Ma Grande Odysée va ressembler à la Tournée internationale de Franck Michael ou d'André Rieu. Pourrait-on alors dire avec le célèbre violoniste, que ça serait un peu le "Paradis", "Mein WeihnachtsTraum" ? (parfois, je me dégoute).
"Bientôt près de chez vous, la thésarde masquée! Après des conférences remarquées en Province et un voyage d'un an en Amérique, elle nous revient, plus déterminée que jamais." (en fond musical, musique du Titanic) Y'a des jours comme ça où j'envie Céline Dion, qui a trouvé un super post-doc à Las Vegas, très bien payé en plus. Bienvenue dans le monde de la disco-recherche-mobile !

02 janvier 2006

"Mes meilleurs voeux pour 2006"

Avec mon amie Poupoune et ses amis, on a fait un restau pour fêter le non-réveillon du 30 décembre au soir, non-réveillon qui m'a bien détendu, alors que mon directeur de thèse venait de me dire dans la journée qu'il fallait maintenant bien que je galère un petit peu, que je ne pouvais pas avoir toujours tout cuit, que maintenant allait commencer le véritable parcours du combattant.
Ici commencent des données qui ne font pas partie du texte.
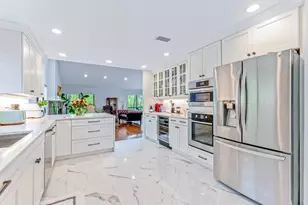 54 Harvard Rd, Manhasset, NY 11030 - Photo 13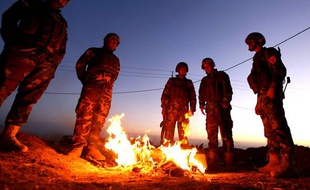 Irak: Les forces militaires avancent vers Mossoul
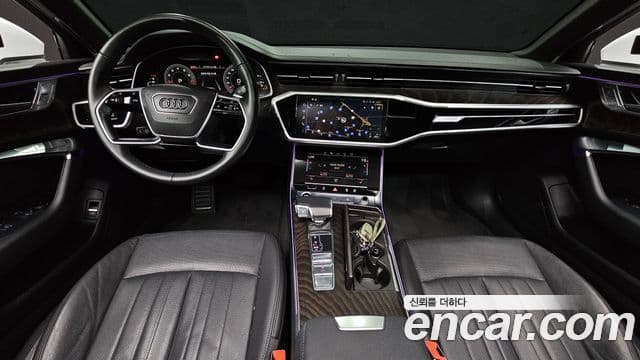Audi A6 2022 — Photo 17/19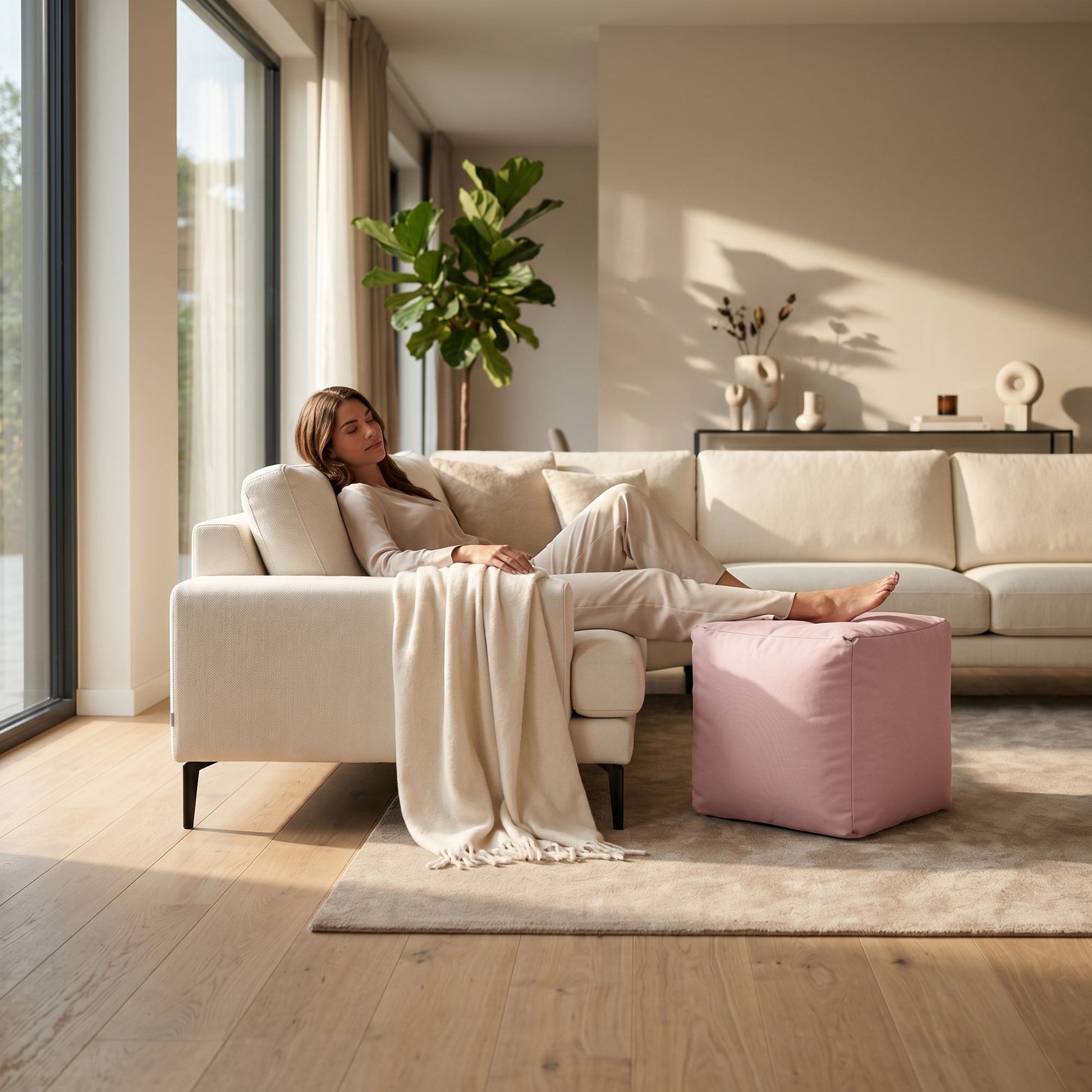 Cube Brava Pouf Ottoman
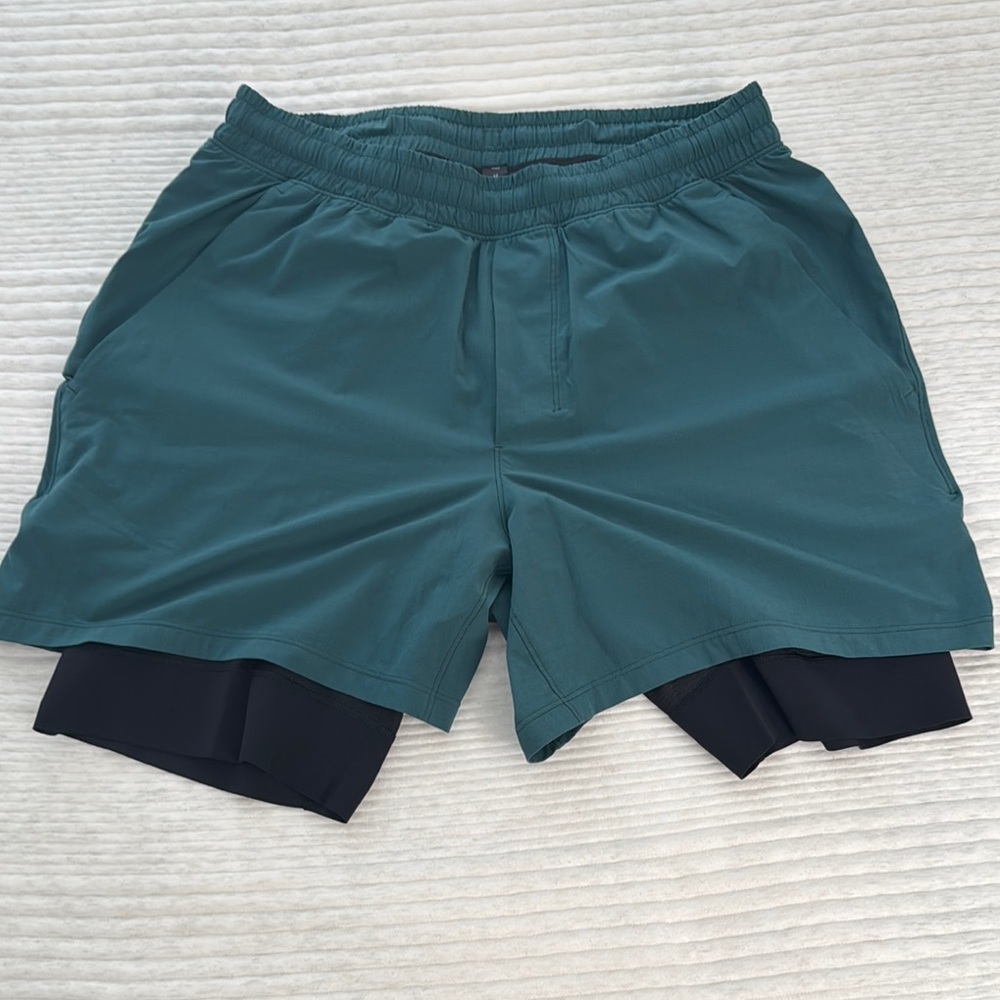 Men's Lululemon Teal and Black Athletic Shorts w liner, 5 inch.  Size M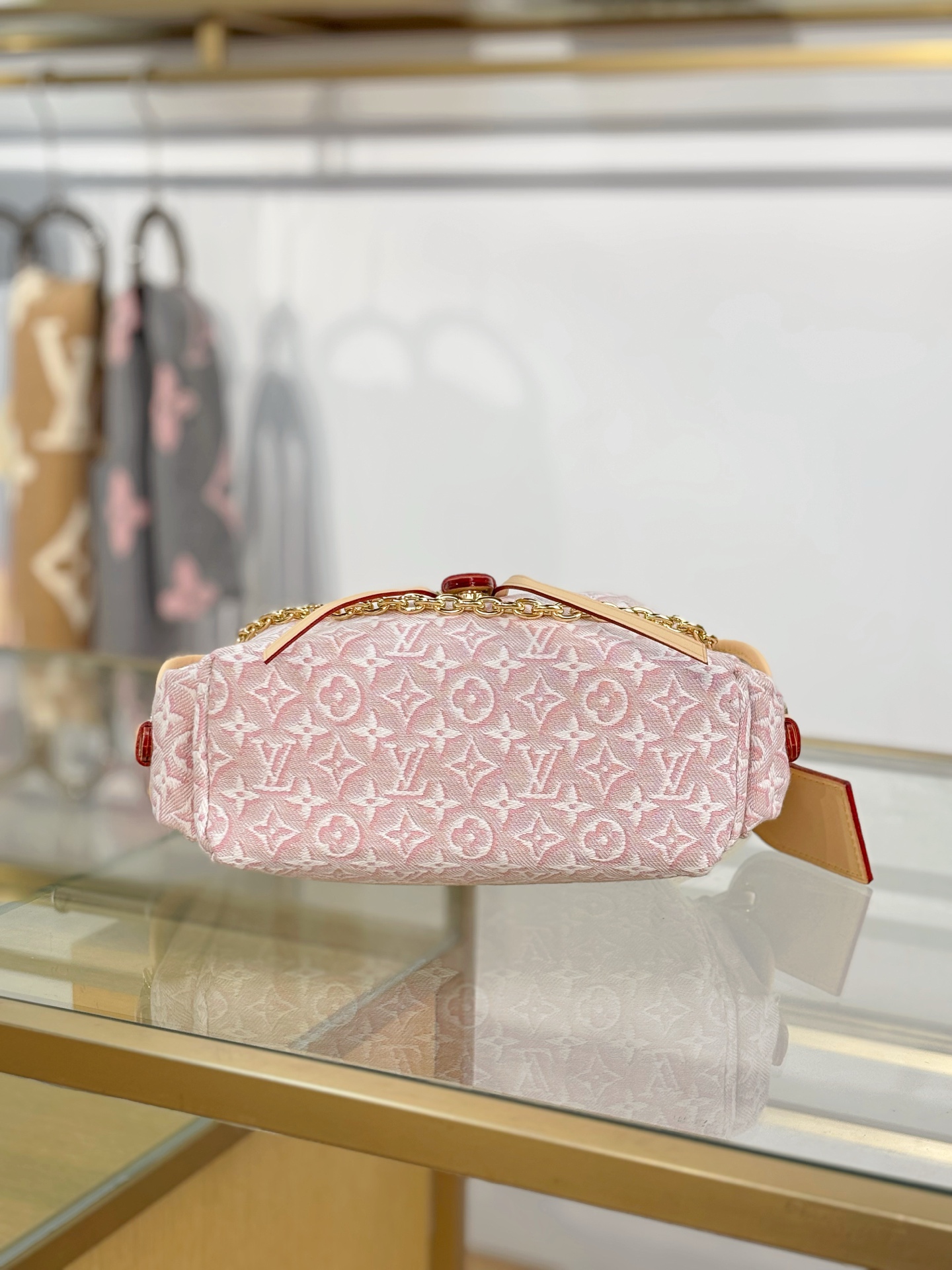 【特级MB动态163c芯片版原厂皮】 ODYSSÉE 小号手袋 型号：M29974粉色 材料：A级全钢五金，进口原厂面料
Pour commencer 2006, je trouvais ce genre de voeux d'un optimiste et d'une bienveillance de circonstance.
Ca a bien calmé la demi-molle d'enthousiasme que je commençais à resentir seulement 15 jours après ma soutenance. Bref, l'argument selon lequel il faut "en chier" me troue le cul. Voilà, c'est dit. Rassurez-vous, je suis une fille bien éduquée, et je ne parle ainsi que lorsque je suis très contrariée. Et je suis fort contrariée.
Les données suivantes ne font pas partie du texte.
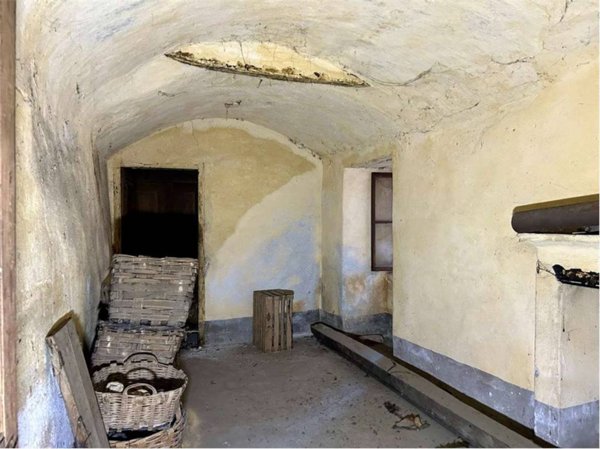casa indipendente in vendita ad Ormea
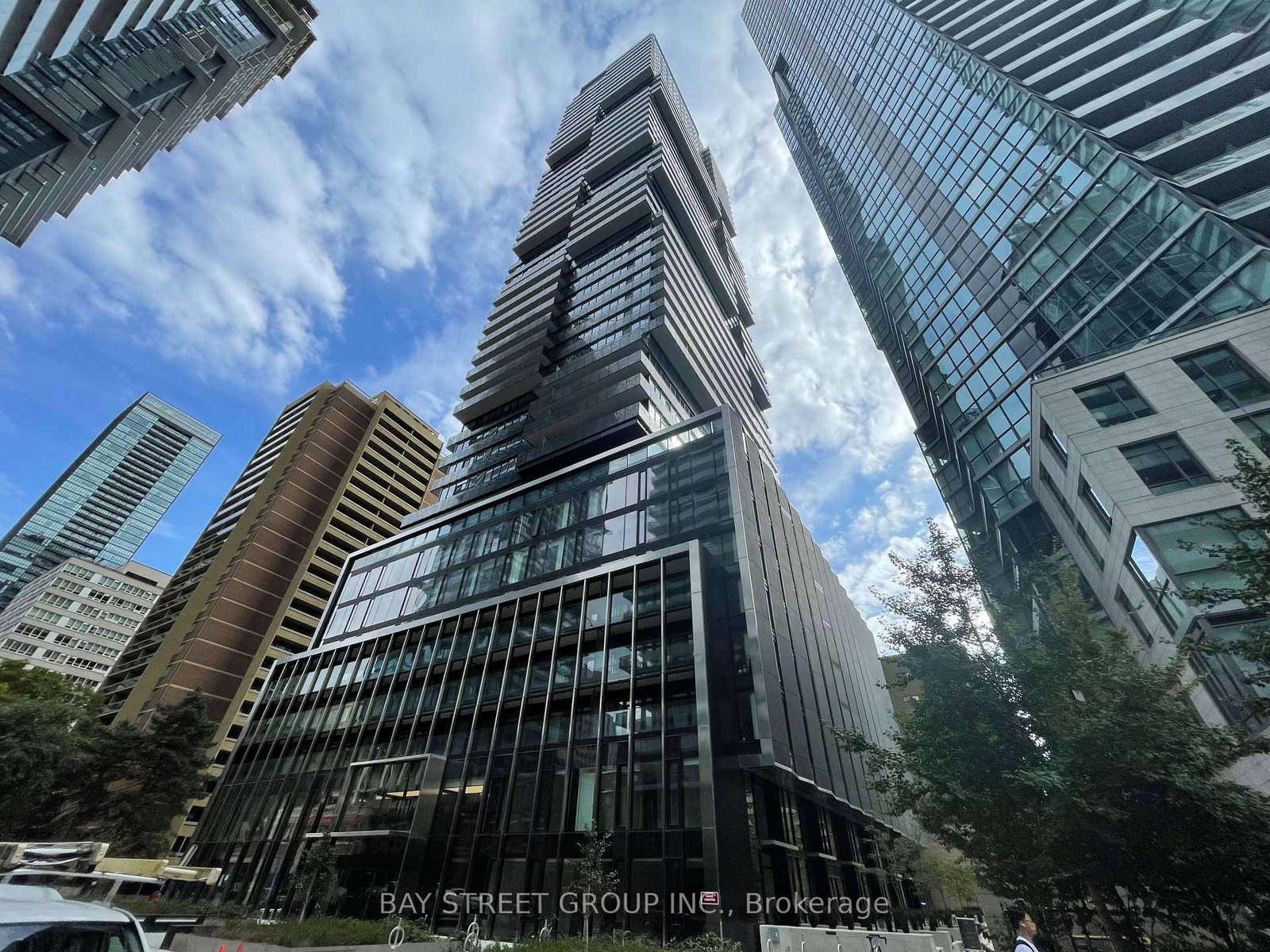 55-charles-street-e-toronto-ontario-c12562260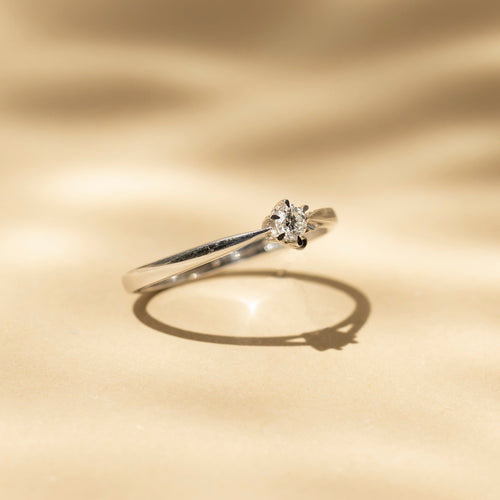 Anillo de diamantes “Envoûtant Solitaire” 0.11/1 – Oro blanco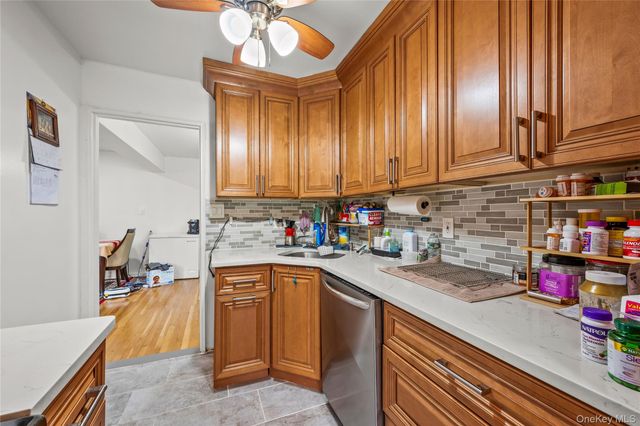 18-35 Corporal Kennedy 3C, Bayside, NY 11360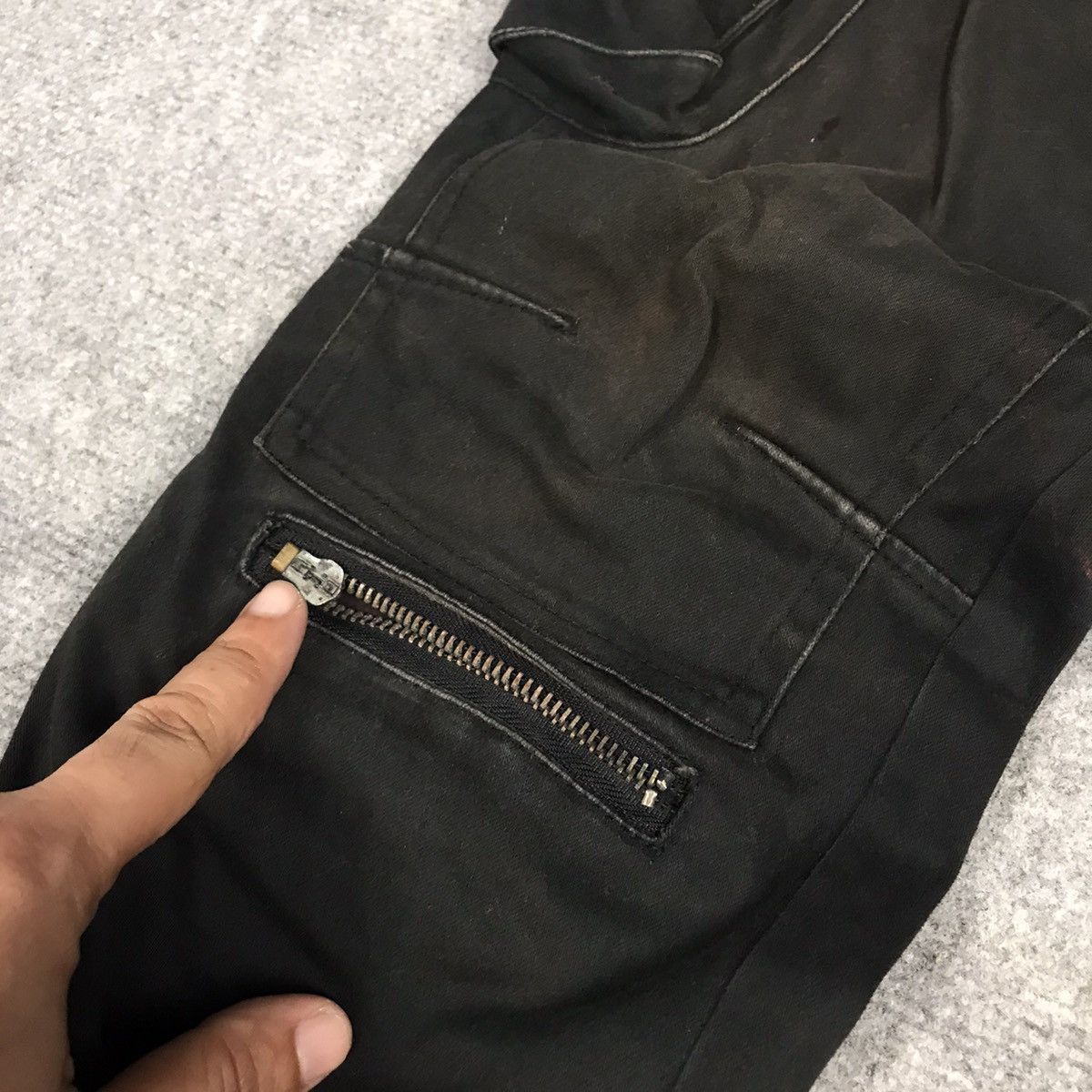 Japanese Brand 🔥SEMANTICDESIGN CARGO ZIPPER DESIGN BLACK FADED DENIM PANTS Size US 30 / EU 46 - 5 Thumbnail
Les vertus de la patience, de l'abnégation ou encore le martyr purificateur du docteur à la recherche d'un poste, tout cela me ramène irresistiblement à une vision très IIIe République, très operette, ou très Feydeau pour la finesse (sic) de son analyse des existences bourgeoises. On imagine la scène: 5 ou 6 personnages sur la scène qui chantonnent en roulant les r, en costume 1900, et qui regardent un parterre de jeunes docteurs et doctorants:
"Ah! Ah! Ah! Elle aura bien mérité de la patrie
Après avoir mangé et bien grossi
Pendant sa thèse maintenant, fini!
Au riz, à l'eau, et aux patates aussi!
Ah, mais fillette, que d'impatience
Servir la nation, cette récompense
Vous l'aurez un jour, peut-être
Et sera, alors, bien une fête..."
Et comme je suis très contrariée aussi de ne pas avoir eu de nouvelle de certains de mes amis (ou de ceux que je prenais pour tels) à l'occasion de ma soutenance, j'ai pris ma première résolution pour l'année 2006: faire un grand tri parmi ceux de mes connaissances (mot désormais plus adapté) pourtant encore assez récentes que l'invitation à mon pot de soutenance avait rendu visiblement définitivement muets. Tout comme ceux qui, étant au courant de l'affaire, ne s'étaient pas plus préoccupés du résultat des courses. L'année commence bien donc, et c'est la tête dans la gamelle d'eau du chien que je vous souhaite à tous une très bonne année 2006.